This option involves plotting what are referred to as log-log survival curves over the different levels of the covariate. Essentially we take the log of the survival function twice and plot that resulting function. Note that “log-log” is technically -log(-log survival) which is equivalent to -log(cumulative hazard), so we are really plotting a version of the cumulative hazards, but we won’t dwell on the detail. The important point is that if hazards are proportional we expect these lines to be approximately parallel and be separated by a constant value of $\beta$ (i.e. the log HR) over the duration of observation time.

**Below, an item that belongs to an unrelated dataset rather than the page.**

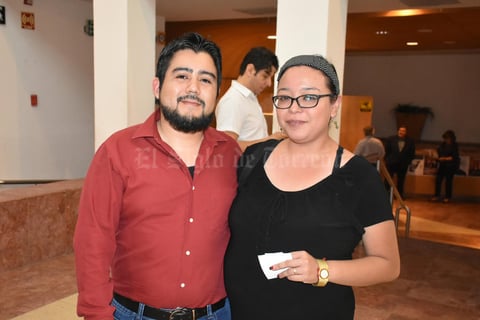 19102019 Víctor Hugo y Sandra.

We can do this in R for the trt variable using the code shown below.

Code

plot(survfit(Surv(vdata1$time, vdata1$status) ~ vdata1$trt), 
     col = c("black", "red"), fun = "cloglog", xlab = "log time", ylab = "log-log survival")

An issue with graphical assessment of PH is that it is somewhat subjective and we don’t have a clear way to determine a significant violation. In this plot, however, I think the result is quite clear and we can assert with reasonable confidence that the HR for trt may not in fact be constant in time.

4.3 Time-dependent variables.

The last approach to testing for PH on a covariate is to create an interaction between the covariate and time (or some function of it). This allows the ‘effect’ of the covariate to vary at different times and we can assess the PH assumption by testing for the significance of this interaction term. If the p value is statistically significant this provides some evidence for a time-varying ‘effect’ of the covariate on survival times (i.e. the HR is NOT constant over time).

Note

The use and interpretation of such an interaction in a Cox model is really no different to that in any model - the main difference is that in this context we are interacting a covariate with time instead of another covariate. Keep in mind of course, that it is possible to include standard covariate-covariate interactions in the Cox model as well.

So, how do we specify this time-covariate interaction term in our Cox model?

Well there is a trick to this that relies on first knowing two small pieces of very important information, without which you will fall victim to the same naive error that has plagued countless analysts before you.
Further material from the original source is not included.